A Real Explanation of Benefits
Collective Health’s own actuaries then work with employers to determine what their monthly costs will be, and from there, employers can opt to pass on any percentage of that to their employees or pay it all themselves. Collective Health also works with each employer to set up a catastrophic plan with an existing insurer and lets the company know when an employee might be at risk.
But just as important as streamlining the process for employers, Diab says, was making the plans completely transparent for employees. When he was sick, Diab says he got sixty-two explanation of benefits forms in the mail, which only scared him into thinking he owed more money than he did. Plus, he says, “My plan was really badly written and clearly written by lawyers, not people who wanted me to understand what was covered.” There’s good reason for that, of course. Insurance companies make money collecting premiums, but they lose money paying claims. The less their members understand about their coverage, insurers figure, the less likely they’ll be to fight for it.
On Collective Health, by contrast, employees get a complete breakdown of everything their plans cover, neatly organized in colorful little boxes. And instead of sending out those paper explanation of benefit forms, which Diab refers to as “asinine,” members can view their activity online month by month, in itemized lists and charts designed to resemble a credit card statement.
Healthy Employees, Healthy Business
But the most valuable perk for employees, says Batniji, is that they’re getting coverage from someone who actually wants to keep them healthy. “In Ali’s case, and in so many cases, the insurance company’s incentives just aren’t aligned with the best interest of the individual or the employer,” he says. “This allows us to align the incentives in a way that makes sense.”

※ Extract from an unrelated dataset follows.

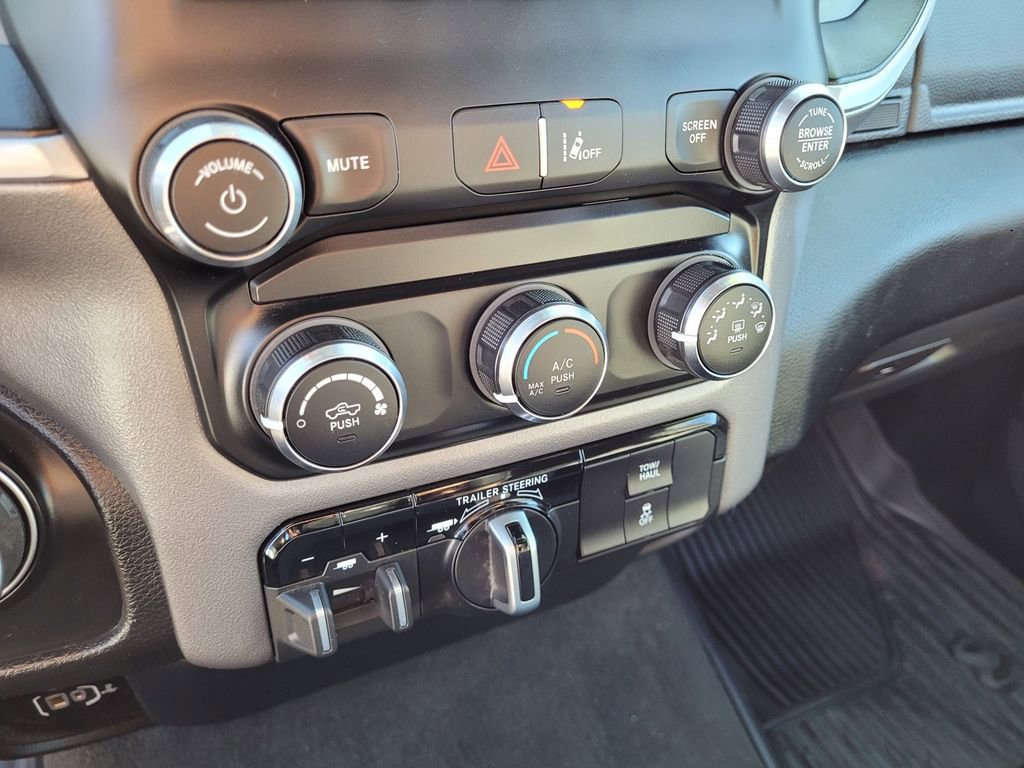 Used 2022 RAM 1500 Big Horn w/ Trailer Tow Group (B) image 13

Today, Collective Health is only available in California, but the founders expect to be licensed in all fifty states by January. Still, the company has lots of work ahead of it convincing employers to give up their existing plans and put their faith into an untested startup. That will likely require a large sales and education process on Collective Health’s behalf, says Scott Nolan, a partner at Founder’s Fund. Still, he says Diab’s deep connections with the Silicon Valley set, who tend to be more trusting of other startups anyway, should help the company land some initial customers.
“The team has incredible networks with a lot of companies that would be a great fit, and they’re leveraging that to make the case,” Nolan says.